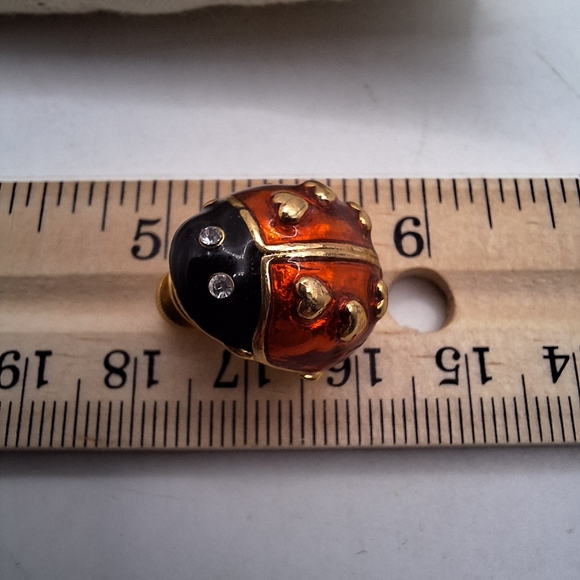 Avon Ladybug enamel gold tone heart rhinestone eye pin - Picture 3 of 3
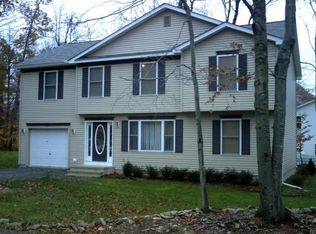 217 Cameron Dr, Tobyhanna, PA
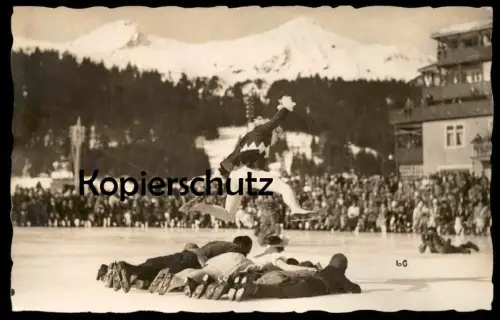 ALTE FOTO POSTKARTE EISLAUFEN KUNSTSTÜCK SPRUNG FOTOGRAF LIEGEND VERM. GARMISCH EISSTADION Stunt Ice cpa postcard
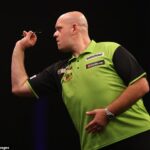 Michael van Gerwen bolo povedané, aby si trval menej sviatkov, ak chce obnoviť svoju najlepšiu formu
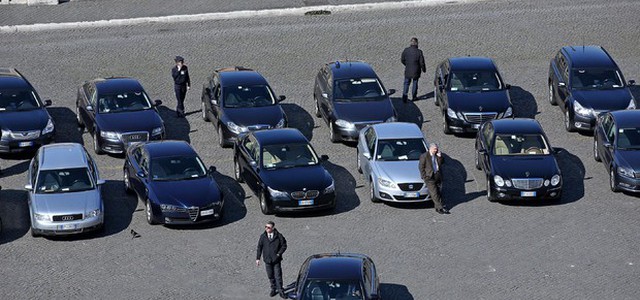 Auto blu, 774 in meno nell'ultimo anno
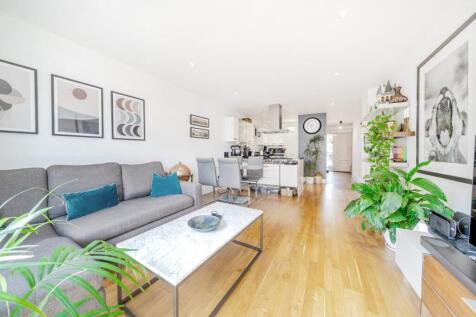 2 bedroom property for sale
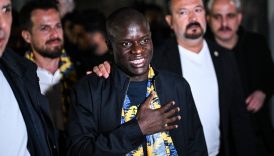 ngolo kanteyi bekleyen fenerbahceliler ciktigi cardak coktu K3wGnwFb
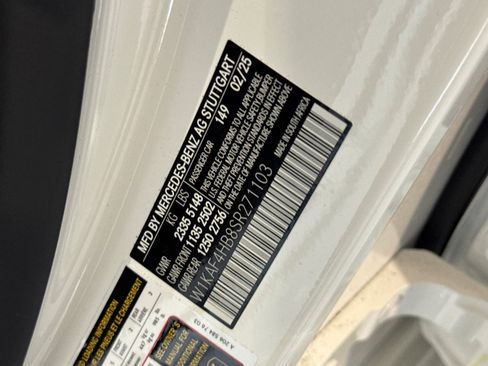 New 2025 Mercedes-Benz C 300 4MATIC Sedan image 36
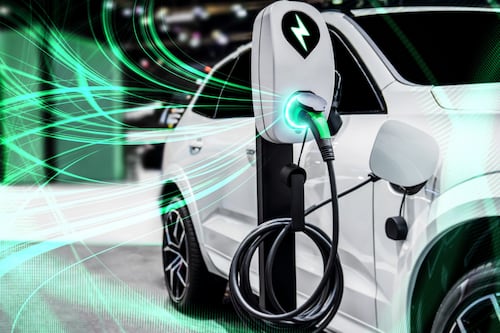 Unión Europea prohíbe vender coches de combustión en 2035, ¿bajarán los precios de los eléctricos?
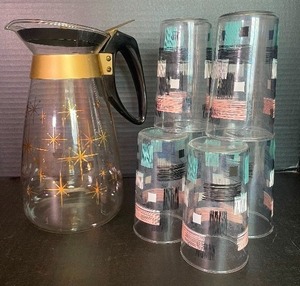 lot 2 image: Pyrex Starburst Carafe and Tumbler Set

□ □ □ □ □

» EXERCISE
Transcribe every entry exactly, omitting pictures.

» SOLUTION TO THE EXERCISE
 Avon Ladybug enamel gold tone heart rhinestone eye pin - Picture 3 of 3
 217 Cameron Dr, Tobyhanna, PA
 ALTE FOTO POSTKARTE EISLAUFEN KUNSTSTÜCK SPRUNG FOTOGRAF LIEGEND VERM. GARMISCH EISSTADION Stunt Ice cpa postcard
 Michael van Gerwen bolo povedané, aby si trval menej sviatkov, ak chce obnoviť svoju najlepšiu formu
 Auto blu, 774 in meno nell'ultimo anno
 2 bedroom property for sale
 ngolo kanteyi bekleyen fenerbahceliler ciktigi cardak coktu K3wGnwFb
 New 2025 Mercedes-Benz C 300 4MATIC Sedan image 36
 Unión Europea prohíbe vender coches de combustión en 2035, ¿bajarán los precios de los eléctricos?
 lot 2 image: Pyrex Starburst Carafe and Tumbler Set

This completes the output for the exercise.